PARIS — Drought is killing off trees in Brazil’s fragile Amazon rain forest and depleting the region’s carbon reservoirs — an ecological double-whammy with devastating implications, according to a study published Thursday.
The Amazon’s lush vegetation in a typical year absorbs nearly two billion tonnes of carbon dioxide, one of the chief culprits causing climate change.
But a 30-year study published by the journal Science found that the world’s largest tropical rain forest is surprisingly sensitive to drought, and that the resulting loss of vegetation will have a greater-than-anticipated effect in causing a sharp spike in greenhouse gases.
The Amazon tree canopy which absorbs massive amounts of greenhouse gases often succumbs to the effects of dryness, thereby accelerating global warming by not absorbing CO2, scientists said.
Drought also accelerates the depletion of the region’s carbon sinks, natural reservoirs that accumulate and store the chemical compound for an indefinite period.
Researchers said the total impact of the drought was an additional five billion tonnes of carbon dioxide in the atmosphere — more than the combined annual emissions of Europe and Japan.

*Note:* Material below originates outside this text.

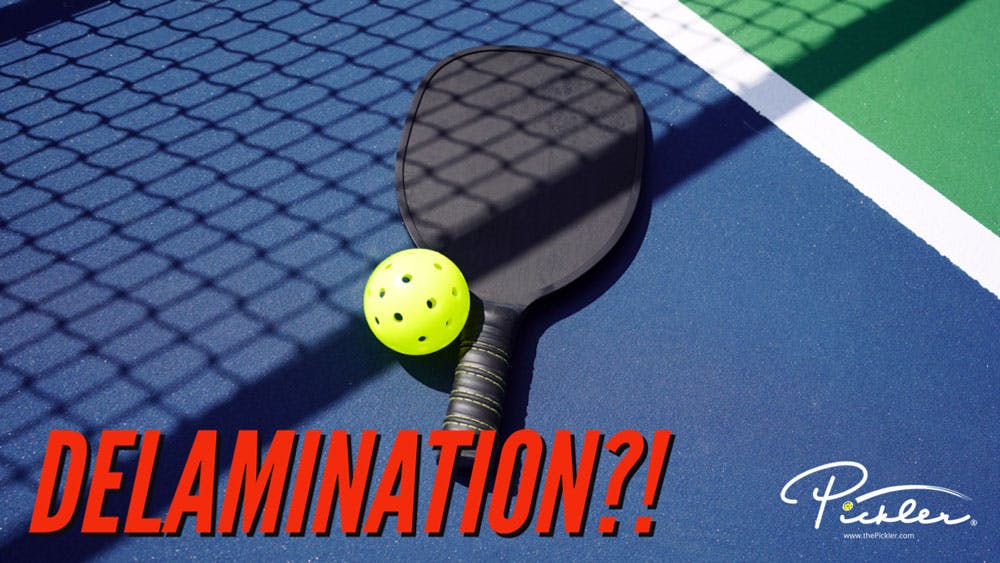 What Is a Delaminated Pickleball Paddle & Why Is It a Problem? | Pickler Pickleball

The research from more than 40 institutions around the world was gathered during the particularly harsh 2005 drought, which had a severe impact on the flora of the Amazon.
The drought that year dramatically reversed decades of carbon absorption, the researchers said.
“For years, the Amazon forest has been helping to slow down climate change. But relying on this subsidy from nature is extremely dangerous,” said Professor Oliver Phillips of Britain’s University of Leeds, the lead author of the study.
“If the Earth’s carbon sinks slow or go into reverse, as our results show is possible, carbon dioxide levels will rise even faster. Deeper cuts in emissions will be required to stabilize our climate.”
Visually, most of the Amazon showed little effects of the drought. “But our records prove tree death rates accelerated,” Phillips said.
“Because the region is so vast, even small ecological effects can scale-up to a large impact on the planet’s carbon cycle.”
Scientists say the Amazon accounts for more than half of the world’s rainforest, covering an area 25 times the size of the United Kingdom.
The study, which involved 68 scientists from 13 countries, found that various species of tropical palm trees are particularly vulnerable to drought, which suggests the risk to biodiversity caused by climate change.
The findings are especially sobering because climatologists predict the creation of a potentially devastating cycle in which the Amazon’s hotter and more intense future dry seasons in turn lead to more greenhouse gas emissions and even more drought.